* _Listed entries_:

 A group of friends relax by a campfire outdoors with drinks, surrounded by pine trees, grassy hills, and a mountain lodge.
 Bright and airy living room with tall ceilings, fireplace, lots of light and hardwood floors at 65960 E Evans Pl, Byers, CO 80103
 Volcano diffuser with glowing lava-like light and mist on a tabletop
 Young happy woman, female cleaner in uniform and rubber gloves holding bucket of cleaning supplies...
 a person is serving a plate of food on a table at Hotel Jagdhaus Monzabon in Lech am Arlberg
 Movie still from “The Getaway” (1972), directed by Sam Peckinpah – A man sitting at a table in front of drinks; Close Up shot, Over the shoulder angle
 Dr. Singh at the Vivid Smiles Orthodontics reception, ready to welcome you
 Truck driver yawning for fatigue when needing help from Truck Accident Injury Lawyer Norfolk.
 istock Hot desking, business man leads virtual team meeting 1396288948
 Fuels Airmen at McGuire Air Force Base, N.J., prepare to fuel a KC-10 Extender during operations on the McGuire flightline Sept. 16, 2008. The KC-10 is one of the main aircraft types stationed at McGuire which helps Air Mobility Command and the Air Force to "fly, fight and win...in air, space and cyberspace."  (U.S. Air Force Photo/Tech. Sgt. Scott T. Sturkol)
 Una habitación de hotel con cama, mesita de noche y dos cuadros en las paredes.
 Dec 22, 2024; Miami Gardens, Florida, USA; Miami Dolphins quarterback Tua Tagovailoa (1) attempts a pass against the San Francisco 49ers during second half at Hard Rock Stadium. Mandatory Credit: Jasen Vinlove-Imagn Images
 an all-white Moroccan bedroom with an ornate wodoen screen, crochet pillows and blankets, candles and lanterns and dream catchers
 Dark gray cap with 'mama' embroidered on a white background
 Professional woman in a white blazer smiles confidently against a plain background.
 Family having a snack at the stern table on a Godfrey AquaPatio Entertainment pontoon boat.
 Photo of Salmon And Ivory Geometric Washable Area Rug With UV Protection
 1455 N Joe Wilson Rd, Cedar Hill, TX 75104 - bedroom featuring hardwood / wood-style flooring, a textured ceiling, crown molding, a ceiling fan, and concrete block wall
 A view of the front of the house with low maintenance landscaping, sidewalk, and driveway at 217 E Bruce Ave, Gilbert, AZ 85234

* _Problem to solve_: The material above should be retyped in full, exactly as given.

* _Output for this task_:
 A group of friends relax by a campfire outdoors with drinks, surrounded by pine trees, grassy hills, and a mountain lodge.
 Bright and airy living room with tall ceilings, fireplace, lots of light and hardwood floors at 65960 E Evans Pl, Byers, CO 80103
 Volcano diffuser with glowing lava-like light and mist on a tabletop
 Young happy woman, female cleaner in uniform and rubber gloves holding bucket of cleaning supplies...
 a person is serving a plate of food on a table at Hotel Jagdhaus Monzabon in Lech am Arlberg
 Movie still from “The Getaway” (1972), directed by Sam Peckinpah – A man sitting at a table in front of drinks; Close Up shot, Over the shoulder angle
 Dr. Singh at the Vivid Smiles Orthodontics reception, ready to welcome you
 Truck driver yawning for fatigue when needing help from Truck Accident Injury Lawyer Norfolk.
 istock Hot desking, business man leads virtual team meeting 1396288948
 Fuels Airmen at McGuire Air Force Base, N.J., prepare to fuel a KC-10 Extender during operations on the McGuire flightline Sept. 16, 2008. The KC-10 is one of the main aircraft types stationed at McGuire which helps Air Mobility Command and the Air Force to "fly, fight and win...in air, space and cyberspace."  (U.S. Air Force Photo/Tech. Sgt. Scott T. Sturkol)
 Una habitación de hotel con cama, mesita de noche y dos cuadros en las paredes.
 Dec 22, 2024; Miami Gardens, Florida, USA; Miami Dolphins quarterback Tua Tagovailoa (1) attempts a pass against the San Francisco 49ers during second half at Hard Rock Stadium. Mandatory Credit: Jasen Vinlove-Imagn Images
 an all-white Moroccan bedroom with an ornate wodoen screen, crochet pillows and blankets, candles and lanterns and dream catchers
 Dark gray cap with 'mama' embroidered on a white background
 Professional woman in a white blazer smiles confidently against a plain background.
 Family having a snack at the stern table on a Godfrey AquaPatio Entertainment pontoon boat.
 Photo of Salmon And Ivory Geometric Washable Area Rug With UV Protection
 1455 N Joe Wilson Rd, Cedar Hill, TX 75104 - bedroom featuring hardwood / wood-style flooring, a textured ceiling, crown molding, a ceiling fan, and concrete block wall
 A view of the front of the house with low maintenance landscaping, sidewalk, and driveway at 217 E Bruce Ave, Gilbert, AZ 85234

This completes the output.